WHAT THIS TASK INVOLVES
Take every line from the data that has the word "Solution" in it.

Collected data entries
▼
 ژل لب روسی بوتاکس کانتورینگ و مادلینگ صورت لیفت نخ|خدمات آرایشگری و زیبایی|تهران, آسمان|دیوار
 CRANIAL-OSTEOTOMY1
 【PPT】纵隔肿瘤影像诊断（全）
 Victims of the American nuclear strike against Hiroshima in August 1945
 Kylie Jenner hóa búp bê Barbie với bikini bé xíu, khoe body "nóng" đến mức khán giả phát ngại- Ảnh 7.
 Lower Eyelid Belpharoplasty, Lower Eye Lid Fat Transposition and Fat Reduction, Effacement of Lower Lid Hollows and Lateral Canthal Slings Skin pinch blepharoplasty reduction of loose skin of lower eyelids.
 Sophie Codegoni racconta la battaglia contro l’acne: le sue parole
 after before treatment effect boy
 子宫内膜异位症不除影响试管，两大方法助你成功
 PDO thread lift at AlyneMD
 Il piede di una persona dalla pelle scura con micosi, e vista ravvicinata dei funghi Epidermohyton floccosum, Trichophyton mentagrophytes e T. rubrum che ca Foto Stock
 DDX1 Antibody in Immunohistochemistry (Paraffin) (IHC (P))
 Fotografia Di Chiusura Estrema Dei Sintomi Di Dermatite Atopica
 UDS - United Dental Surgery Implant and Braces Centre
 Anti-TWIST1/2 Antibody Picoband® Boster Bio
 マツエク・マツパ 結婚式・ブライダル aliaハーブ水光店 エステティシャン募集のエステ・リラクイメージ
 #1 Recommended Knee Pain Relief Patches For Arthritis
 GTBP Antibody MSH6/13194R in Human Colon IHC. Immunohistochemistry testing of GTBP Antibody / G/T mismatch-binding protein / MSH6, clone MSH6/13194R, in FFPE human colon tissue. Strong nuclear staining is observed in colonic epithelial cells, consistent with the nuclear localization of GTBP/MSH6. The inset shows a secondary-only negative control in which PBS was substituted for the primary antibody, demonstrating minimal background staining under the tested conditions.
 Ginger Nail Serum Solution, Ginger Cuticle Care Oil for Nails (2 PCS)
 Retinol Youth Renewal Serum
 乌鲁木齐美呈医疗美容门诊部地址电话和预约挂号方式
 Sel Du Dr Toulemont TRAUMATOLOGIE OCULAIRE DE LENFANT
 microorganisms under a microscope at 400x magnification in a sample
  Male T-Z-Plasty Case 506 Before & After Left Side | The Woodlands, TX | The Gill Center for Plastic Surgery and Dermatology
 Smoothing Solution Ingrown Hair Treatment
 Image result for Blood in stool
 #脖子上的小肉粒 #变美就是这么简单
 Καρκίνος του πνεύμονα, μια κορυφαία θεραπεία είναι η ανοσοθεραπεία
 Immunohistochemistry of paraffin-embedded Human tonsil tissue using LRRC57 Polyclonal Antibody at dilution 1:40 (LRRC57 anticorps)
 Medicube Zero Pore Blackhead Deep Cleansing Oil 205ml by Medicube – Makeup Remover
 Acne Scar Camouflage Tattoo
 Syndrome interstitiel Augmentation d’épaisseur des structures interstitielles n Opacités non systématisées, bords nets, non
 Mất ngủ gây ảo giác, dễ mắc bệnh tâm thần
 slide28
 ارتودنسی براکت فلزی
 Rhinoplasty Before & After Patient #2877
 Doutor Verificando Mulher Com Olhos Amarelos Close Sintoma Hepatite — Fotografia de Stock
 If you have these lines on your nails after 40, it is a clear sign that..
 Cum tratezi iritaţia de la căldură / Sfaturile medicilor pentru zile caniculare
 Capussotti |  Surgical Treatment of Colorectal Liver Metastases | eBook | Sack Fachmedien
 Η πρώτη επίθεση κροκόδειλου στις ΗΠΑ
▲
TASK OUTPUT
 Ginger Nail Serum Solution, Ginger Cuticle Care Oil for Nails (2 PCS)
 Smoothing Solution Ingrown Hair Treatment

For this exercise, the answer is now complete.